If you see gcc was not found and could not be automatically fetched, the GNU C Compiler is required to build the replication driver but is not installed and could not be installed from the configured package repositories.

Install gcc manually and run the installer again:

  • RHEL/CentOS/Amazon Linux: sudo yum install gcc

  • Debian/Ubuntu: sudo apt-get install gcc

  • SUSE: sudo zypper install gcc

Error: Oracle ASM Filter Driver detected

If you see The agent cannot be installed on this server because Oracle ASM Filter Driver is active, the Oracle ASM Filter Driver (ASMFD) conflicts with the AWS Replication Agent driver.

Important

Disabling Oracle ASM Filter Driver may affect your Oracle ASM configuration. Consult your database administrator before making changes.

To resolve, deactivate the ASM Filter Driver, reboot, and run the installer again. After the agent is installed and replication is active, you can reactivate the ASM Filter Driver if needed.

Error: BitLocker is not supported

If you see BitLocker is not supported. Please disable BitLocker and try again, the source server has BitLocker drive encryption enabled.

Important

Disabling BitLocker decrypts the drive. Ensure this is acceptable per your organization's security policy before proceeding.

Disable BitLocker on the source server and run the installer again. You can re-enable BitLocker after the agent is installed if needed, though this may affect replication performance.

Error: Volume too large

If you see an error indicating that a volume is too large, the source server has a volume that exceeds the supported size limit.
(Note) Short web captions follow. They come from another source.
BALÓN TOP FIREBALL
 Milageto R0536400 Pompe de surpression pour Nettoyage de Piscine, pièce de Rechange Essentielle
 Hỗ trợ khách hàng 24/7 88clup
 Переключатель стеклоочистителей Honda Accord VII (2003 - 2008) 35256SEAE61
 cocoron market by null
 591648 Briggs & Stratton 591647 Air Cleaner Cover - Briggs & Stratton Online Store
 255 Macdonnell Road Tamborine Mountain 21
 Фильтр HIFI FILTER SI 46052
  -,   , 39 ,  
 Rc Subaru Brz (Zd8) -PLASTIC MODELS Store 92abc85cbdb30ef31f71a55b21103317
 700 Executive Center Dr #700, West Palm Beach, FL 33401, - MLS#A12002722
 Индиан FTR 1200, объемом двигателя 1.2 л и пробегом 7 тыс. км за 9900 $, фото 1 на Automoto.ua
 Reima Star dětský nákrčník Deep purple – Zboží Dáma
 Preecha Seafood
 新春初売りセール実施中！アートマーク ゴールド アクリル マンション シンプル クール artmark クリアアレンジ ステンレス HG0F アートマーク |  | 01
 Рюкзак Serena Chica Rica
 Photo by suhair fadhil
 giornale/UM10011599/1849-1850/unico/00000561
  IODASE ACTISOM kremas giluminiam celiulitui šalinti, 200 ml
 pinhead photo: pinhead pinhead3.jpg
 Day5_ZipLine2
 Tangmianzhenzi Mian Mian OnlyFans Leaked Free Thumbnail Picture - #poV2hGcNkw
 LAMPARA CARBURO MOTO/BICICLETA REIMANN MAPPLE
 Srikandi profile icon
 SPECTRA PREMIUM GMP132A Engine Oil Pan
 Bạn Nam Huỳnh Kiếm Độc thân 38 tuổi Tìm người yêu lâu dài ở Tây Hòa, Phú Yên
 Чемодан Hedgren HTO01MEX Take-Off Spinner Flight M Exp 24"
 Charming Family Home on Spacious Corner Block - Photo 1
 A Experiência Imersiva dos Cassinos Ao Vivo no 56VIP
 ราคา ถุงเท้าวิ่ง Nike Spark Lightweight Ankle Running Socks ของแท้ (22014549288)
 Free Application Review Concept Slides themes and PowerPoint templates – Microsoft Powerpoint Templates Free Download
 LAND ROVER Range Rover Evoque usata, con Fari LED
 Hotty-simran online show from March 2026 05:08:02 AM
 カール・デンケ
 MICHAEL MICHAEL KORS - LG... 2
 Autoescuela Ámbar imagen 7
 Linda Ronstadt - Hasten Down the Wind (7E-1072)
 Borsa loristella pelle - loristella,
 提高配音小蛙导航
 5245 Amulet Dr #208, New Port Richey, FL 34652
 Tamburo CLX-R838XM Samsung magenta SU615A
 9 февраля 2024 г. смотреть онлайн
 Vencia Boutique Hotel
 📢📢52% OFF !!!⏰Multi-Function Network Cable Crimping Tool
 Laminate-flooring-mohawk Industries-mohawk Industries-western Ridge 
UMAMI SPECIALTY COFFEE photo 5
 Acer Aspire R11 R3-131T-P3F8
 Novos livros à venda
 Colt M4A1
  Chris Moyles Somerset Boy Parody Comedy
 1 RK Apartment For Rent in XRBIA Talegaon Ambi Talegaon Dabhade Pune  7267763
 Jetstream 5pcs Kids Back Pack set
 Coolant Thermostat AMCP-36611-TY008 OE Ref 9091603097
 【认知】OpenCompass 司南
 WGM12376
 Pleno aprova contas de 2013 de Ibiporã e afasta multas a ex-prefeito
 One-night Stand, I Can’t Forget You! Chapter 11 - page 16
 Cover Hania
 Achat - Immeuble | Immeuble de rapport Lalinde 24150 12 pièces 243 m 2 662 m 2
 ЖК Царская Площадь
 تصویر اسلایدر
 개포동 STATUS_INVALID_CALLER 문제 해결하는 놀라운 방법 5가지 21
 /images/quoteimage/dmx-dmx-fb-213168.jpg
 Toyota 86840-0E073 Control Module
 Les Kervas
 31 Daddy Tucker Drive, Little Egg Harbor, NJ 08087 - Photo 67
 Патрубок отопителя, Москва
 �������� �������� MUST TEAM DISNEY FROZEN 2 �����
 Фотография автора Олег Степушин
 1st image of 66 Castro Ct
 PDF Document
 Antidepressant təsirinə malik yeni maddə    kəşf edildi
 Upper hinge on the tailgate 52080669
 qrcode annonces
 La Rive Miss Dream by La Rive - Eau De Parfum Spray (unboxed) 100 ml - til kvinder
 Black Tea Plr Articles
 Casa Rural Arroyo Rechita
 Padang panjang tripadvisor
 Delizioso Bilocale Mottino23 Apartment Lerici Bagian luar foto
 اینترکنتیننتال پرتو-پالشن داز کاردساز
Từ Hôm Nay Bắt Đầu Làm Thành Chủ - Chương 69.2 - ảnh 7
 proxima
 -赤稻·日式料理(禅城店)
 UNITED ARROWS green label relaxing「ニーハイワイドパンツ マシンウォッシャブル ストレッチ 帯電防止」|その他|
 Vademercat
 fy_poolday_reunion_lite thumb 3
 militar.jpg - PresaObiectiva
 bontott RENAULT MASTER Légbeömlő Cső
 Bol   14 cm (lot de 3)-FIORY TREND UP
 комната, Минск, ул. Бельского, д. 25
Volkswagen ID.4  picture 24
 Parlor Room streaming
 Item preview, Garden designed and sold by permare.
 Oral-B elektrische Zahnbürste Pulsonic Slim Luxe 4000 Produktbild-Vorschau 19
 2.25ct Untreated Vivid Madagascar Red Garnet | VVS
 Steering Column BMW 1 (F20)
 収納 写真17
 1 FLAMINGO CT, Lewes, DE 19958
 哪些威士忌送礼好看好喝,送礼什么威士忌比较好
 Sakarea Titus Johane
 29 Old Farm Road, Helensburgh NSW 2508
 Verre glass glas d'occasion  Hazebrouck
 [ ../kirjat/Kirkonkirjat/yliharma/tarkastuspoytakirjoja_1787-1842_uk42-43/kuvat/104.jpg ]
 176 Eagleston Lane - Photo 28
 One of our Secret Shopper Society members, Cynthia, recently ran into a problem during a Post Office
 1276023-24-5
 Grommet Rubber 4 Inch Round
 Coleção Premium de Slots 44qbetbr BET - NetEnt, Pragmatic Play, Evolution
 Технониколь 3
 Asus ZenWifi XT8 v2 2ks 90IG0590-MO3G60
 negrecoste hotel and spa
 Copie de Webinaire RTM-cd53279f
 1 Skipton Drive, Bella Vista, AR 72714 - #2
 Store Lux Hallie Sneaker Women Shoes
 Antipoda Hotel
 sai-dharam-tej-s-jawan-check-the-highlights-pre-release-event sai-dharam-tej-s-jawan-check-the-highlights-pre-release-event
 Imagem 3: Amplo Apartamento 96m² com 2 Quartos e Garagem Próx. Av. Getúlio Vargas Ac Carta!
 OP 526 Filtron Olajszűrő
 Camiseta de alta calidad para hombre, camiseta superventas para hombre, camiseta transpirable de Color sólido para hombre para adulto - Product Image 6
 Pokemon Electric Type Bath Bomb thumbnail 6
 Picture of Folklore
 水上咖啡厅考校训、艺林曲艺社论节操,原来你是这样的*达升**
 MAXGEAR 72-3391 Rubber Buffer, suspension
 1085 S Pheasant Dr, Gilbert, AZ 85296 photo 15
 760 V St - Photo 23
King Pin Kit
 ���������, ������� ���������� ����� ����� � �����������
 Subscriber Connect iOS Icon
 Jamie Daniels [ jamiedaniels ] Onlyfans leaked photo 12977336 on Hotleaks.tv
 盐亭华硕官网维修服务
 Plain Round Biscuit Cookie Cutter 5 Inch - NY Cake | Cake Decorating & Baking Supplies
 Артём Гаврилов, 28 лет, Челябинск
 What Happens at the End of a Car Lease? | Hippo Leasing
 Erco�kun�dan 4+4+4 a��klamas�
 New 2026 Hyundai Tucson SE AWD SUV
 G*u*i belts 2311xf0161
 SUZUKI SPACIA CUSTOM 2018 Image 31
AWS Elastic Disaster Recovery supports the following volume size limits:

  • Maximum volume size: 16 TiB per volume

  • Maximum boot volume size: 16 TiB

  • Maximum volumes per source server: 63

To resolve, exclude the oversized volume from replication using the --devices installer parameter, or reduce the volume size on the source server.

Error: Source server already exists

If you see already exists during installation, the source server is already registered with AWS Elastic Disaster Recovery.

If you are reinstalling the agent on the same server:

  • Run the installer again without providing tags. Tags cannot be updated via installation — use the AWS Elastic Disaster Recovery Console or API instead.

If you want to register the server as a new source server, first disconnect and delete the existing source server from the AWS Elastic Disaster Recovery Console.

Error: Missing marketplace license permissions

If you see Missing permissions to retrieve marketplace licenses from the source account, the IAM credentials used for installation do not have the required permissions to access AWS Marketplace product codes.

Ensure that the IAM user or role has the ec2:DescribeInstances permission to retrieve marketplace product codes from the source instance.